In [3]:
!pip install facenet-pytorch -q


[notice] A new release of pip is available: 24.0 -> 24.2
[notice] To update, run: python.exe -m pip install --upgrade pip


In [23]:
import numpy as np
import tensorflow as tf
import matplotlib.pyplot as plt
import time
from facenet_pytorch import InceptionResnetV1
import cv2
import torch

# Initialize FaceNet model (pretrained)
face_embedding_model = InceptionResnetV1(pretrained='vggface2').eval()

BATCH_SIZE = 32
IMAGE_SIZE = (160, 160)  # Input size required by FaceNet

# Load the data from directories
train_dir = "D:/Deep Fake Detection/train"
test_dir = "D:/Deep Fake Detection/test"
validation_dir = "D:/Deep Fake Detection/Validation"

# Using TensorFlow's image_dataset_from_directory function to load data
train_data = tf.keras.preprocessing.image_dataset_from_directory(
    train_dir,
    batch_size=BATCH_SIZE,
    image_size=IMAGE_SIZE,
    label_mode='binary'  # Assuming binary classification
)

validation_data = tf.keras.preprocessing.image_dataset_from_directory(
    validation_dir,
    batch_size=BATCH_SIZE,
    image_size=IMAGE_SIZE,
    label_mode='binary'
)

test_data = tf.keras.preprocessing.image_dataset_from_directory(
    test_dir,
    batch_size=BATCH_SIZE,
    image_size=IMAGE_SIZE,
    label_mode='binary'
)

# Define class names (based on the folder structure)
class_names = train_data.class_names
print("Class names:", class_names)

# Data Preprocessing (Modify to resize images for FaceNet)
def preprocess_image(image, label):
    image = tf.image.resize(image, IMAGE_SIZE)  # Resize to 160x160 for FaceNet
    image = image / 255.0  # Normalize image
    return image, label

train_data = train_data.map(preprocess_image)
validation_data = validation_data.map(preprocess_image)
test_data = test_data.map(preprocess_image)

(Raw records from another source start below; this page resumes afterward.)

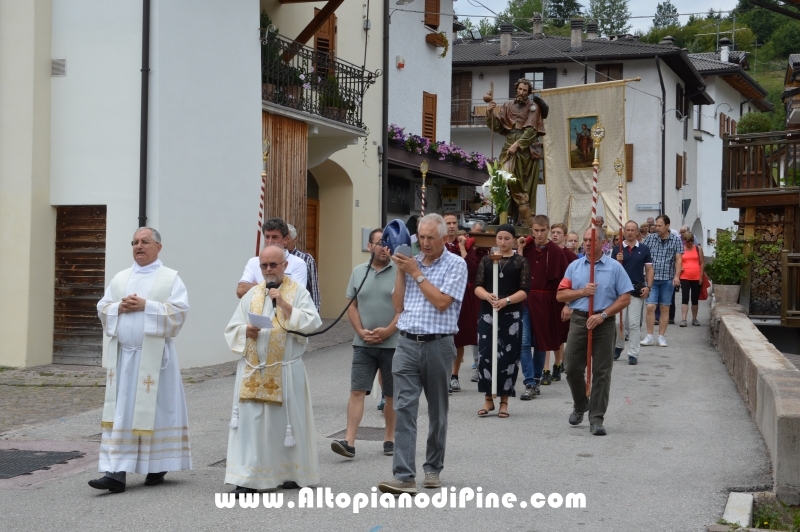 Sagra San Rocco 2017 a Miola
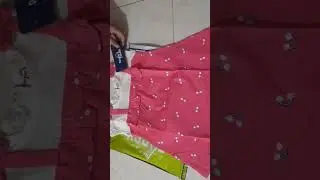 Firstcry shopping review | Diwali baby clothes unboxing🛍🎉🎊☺Festival shopping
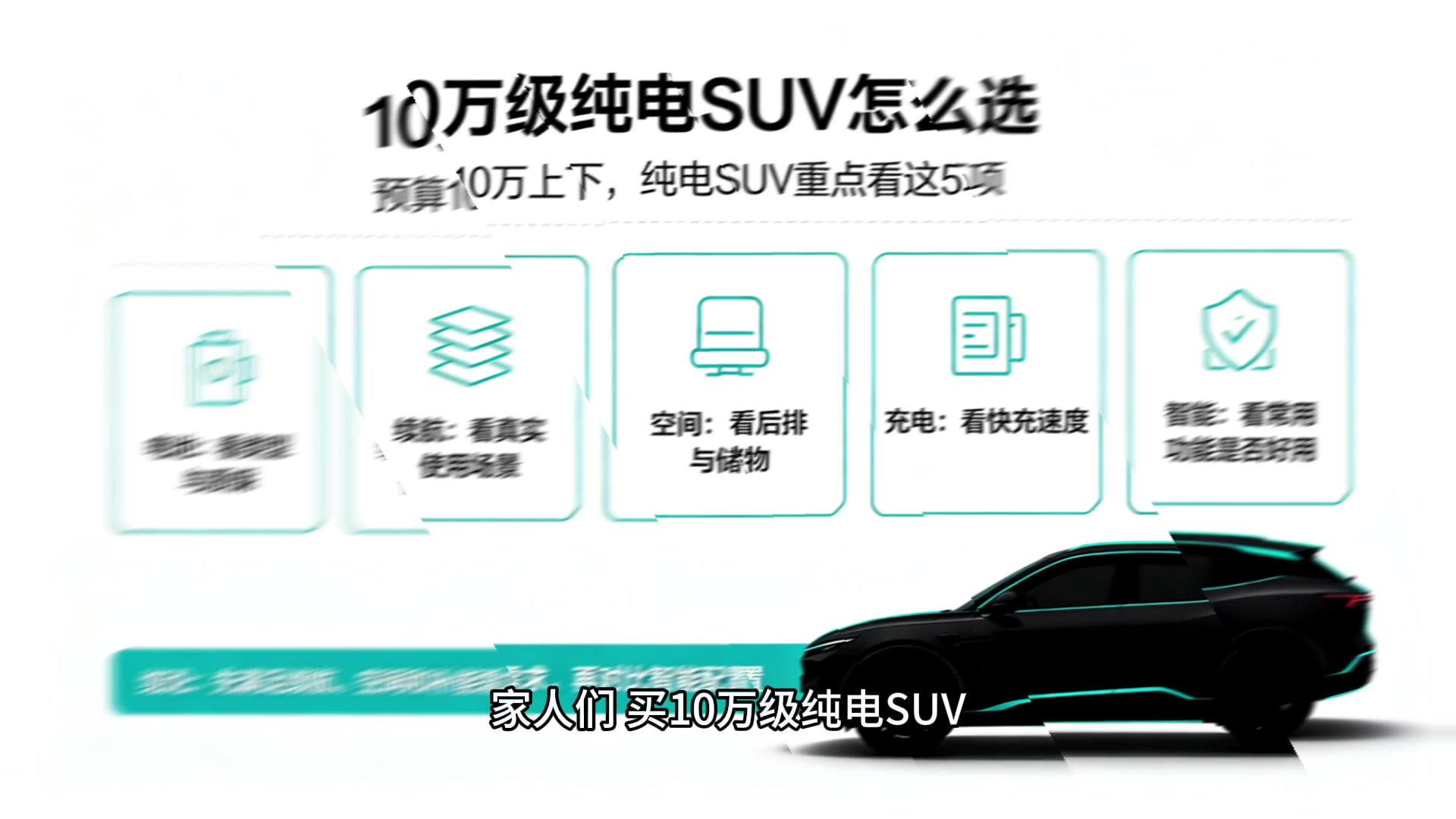 别被配置套路拿捏!十万级 SUV 还得看实在的
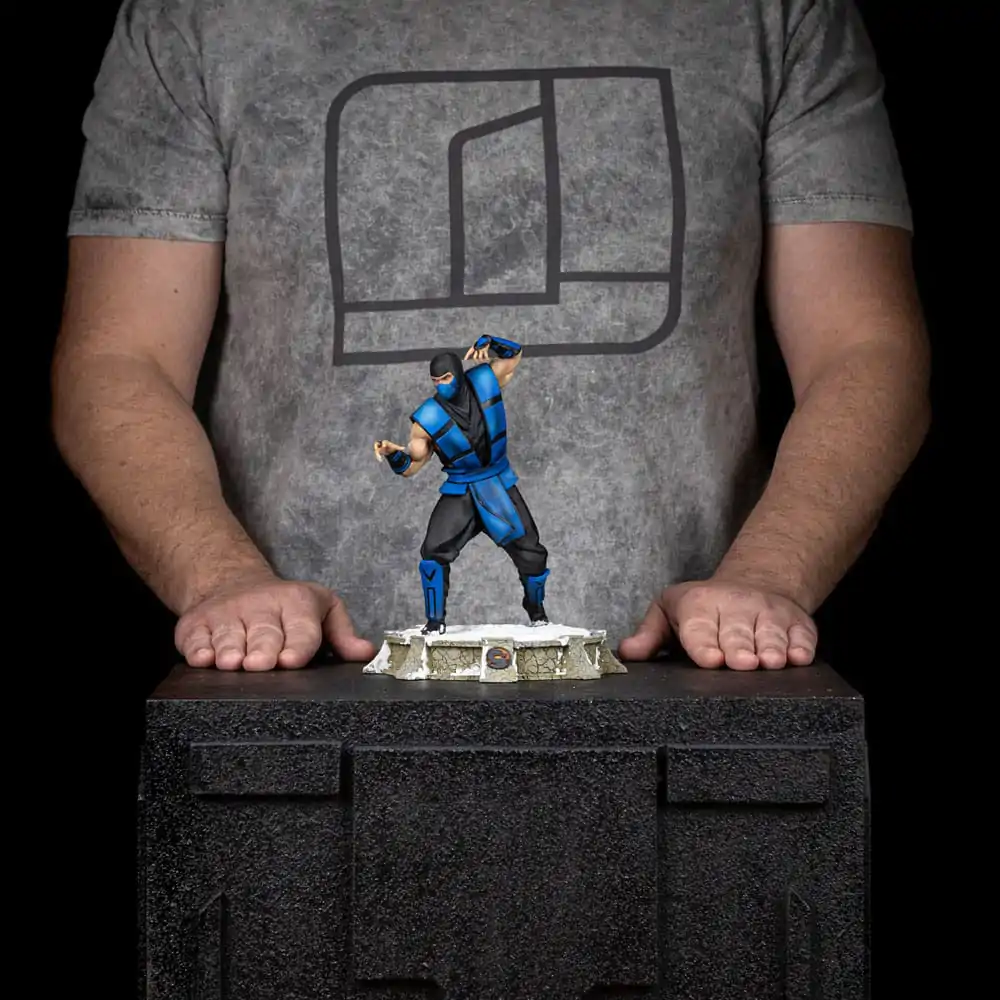 Mortal Kombat Art Scale Statuie 1/10 Sub-Zero (Ninjas Collection) 21 centimetri poza produsului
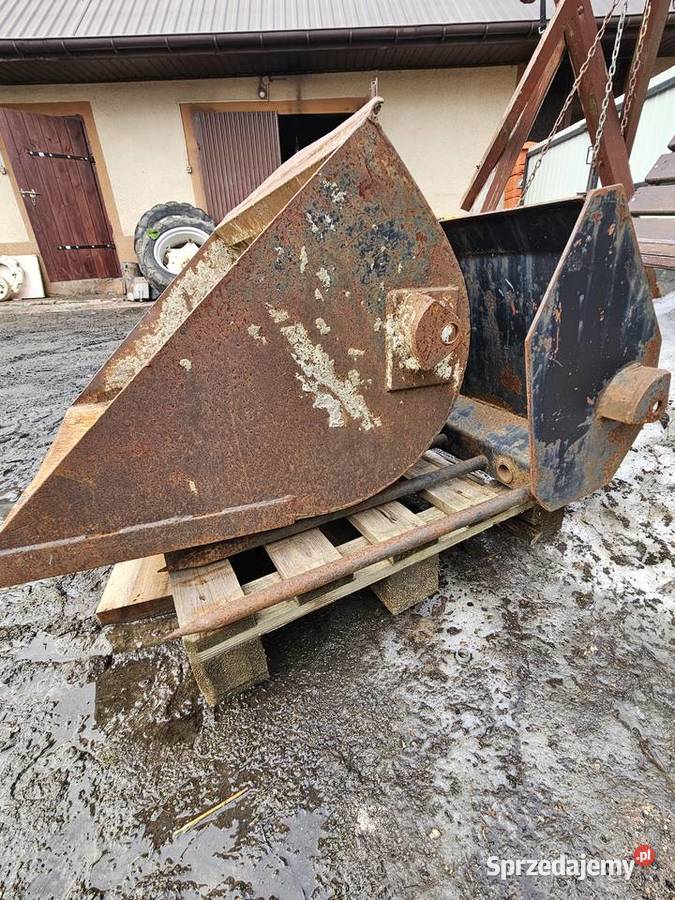 Tur widły łyżka pług ursus 3512 massey ferguson nieuszkodzony Bieliny sprzedam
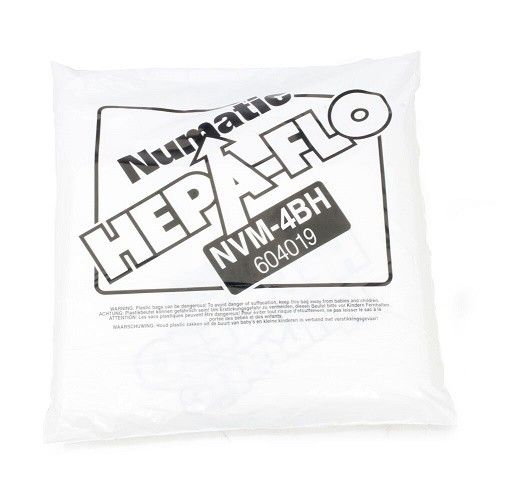 Stofzak Numatic NVM-4BH hepa-flo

# Function to generate face embeddings
def get_face_embedding(image_batch):
    # Convert the whole batch from channels-last (TensorFlow) to channels-first (PyTorch)
    image_batch = tf.transpose(image_batch, perm=[0, 3, 1, 2])  # [batch_size, channels, height, width]

    embeddings = []
    for img in image_batch:
        img = torch.tensor(img.numpy())  # Convert to PyTorch tensor
        img = img.unsqueeze(0)  # img becomes [1, channels, height, width]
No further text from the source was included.